Untuk menghidupkan Sunah Rasulullah saw. yang seringkali diabaikan oleh umat Islam inilah para ulama kemudian memunculkan berbagai gagasan dan ide cemerlang yang dapat diterima oleh sebagian besar masyarakat. Gagasan tersebut mereka peroleh setelah mendalami Al Qur’an dan Hadist. Meskipun dikemas dalam model atau bentuk baru, tetapi isinya tiada lain adalah Al Qur’an dan Hadist. Salah satu contohnya adalah apa yang dilakukan oleh Umar bin Khattab di atas. Beliau berupaya menghidupkan Sunah Rasulullah dengan menyatukan umat dalam kebaikan. Apa yang dilakukan oleh Umar bin Khattab serta para ulama lain yang mengikutinya tiada lain adalah salah satu upaya untuk mengamalkan Sabda Rasulullah saw.:
”Barang siapa mencontohkan suatu perbuatan baik di dalam Islam, kemudian perbuatan itu diamalkan ( oleh orang lain ), maka ia akan memperoleh pahala orang-orang yang mengamalkannya tanpa sedikitpun mengurangi pahala mereka. Dan barang siapa mencontohkan sebuah perbuatan buruk di dalam Islam, kemudian perbuatan tersebut diamalkan ( oleh orang lain ), maka dia memperoleh dosa semua orang yang mengamalkannya tanpa sedikitpun mengurangi dosa-dosa mereka “ ( HR. Muslim,Tirmidzi, Nasa’I,ibnu Majah, Ahmad dan Daelami )

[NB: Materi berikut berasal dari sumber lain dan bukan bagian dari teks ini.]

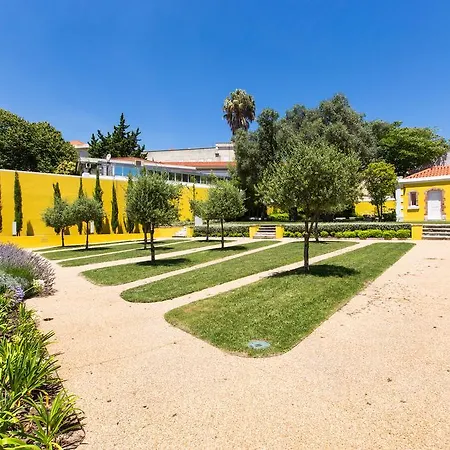 My Lx Flat Avenida Da Liberdade A דירה *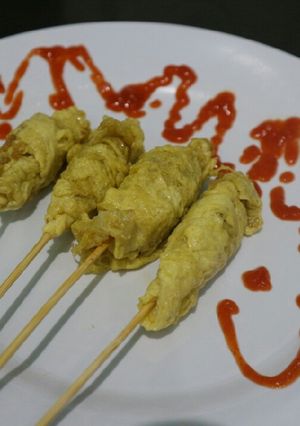 Foto resep Telur gulung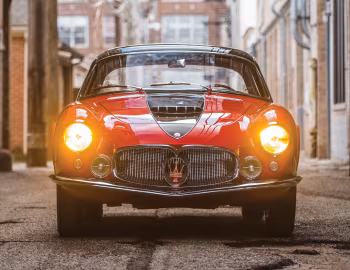 Maserati A6G/54 2000 Coupé (#2181) '03.1956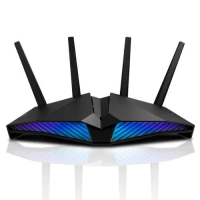 ASUS AX5400 DUAL BAND WiFi 6 GAMING ROUTER (RT-AX82U)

Oleh karena itu , jangan gegabah dan tergesa-gesa menuduh bahwa suatu hal yang tidak ada pada jaman Rasulullah saw. dan para Sahabat sebagai bid’ah sesat yang harus diperangi. Tetapi dengan kedewasaan berpikir, marilah kita kaji landasan dan dalil yang mereka gunakan dalam kegiatan tersebut. Jika memang tidak bersumber dari Al Qur’an dan Hadist, mari bersama-sama kita dakwah dengan cara bijaksana dan nasehat yang baik. Dan jika memang ada sumbernya dari al Qur’an dan Hadist, mari kita dukung bersama sebagai sarana untuk menghidupkan ajaran Al Qur’an dan Sunah Rasulullah saw.
Semoga Allah SWT. membuka mata hati kita, sehingga kita tidak gegabah menuduh seseorang atau sekelompok orang sebagai ahli bid’ah dan tidak pula terlalu mudah menghukumi sebuah amalan sebagai bid’ah yang sesat, Amien !
Saya masih belum paham. Kenapa "bid'ah" yang bersumber dari al Quran dan hadits Nabi itu juga disebut bid'ah? Kalau memang bersumber dari al Quran dan hadits, menurut saya itu bukan termasuk kategori "sesuatu yang baru", apalagi bid'ah.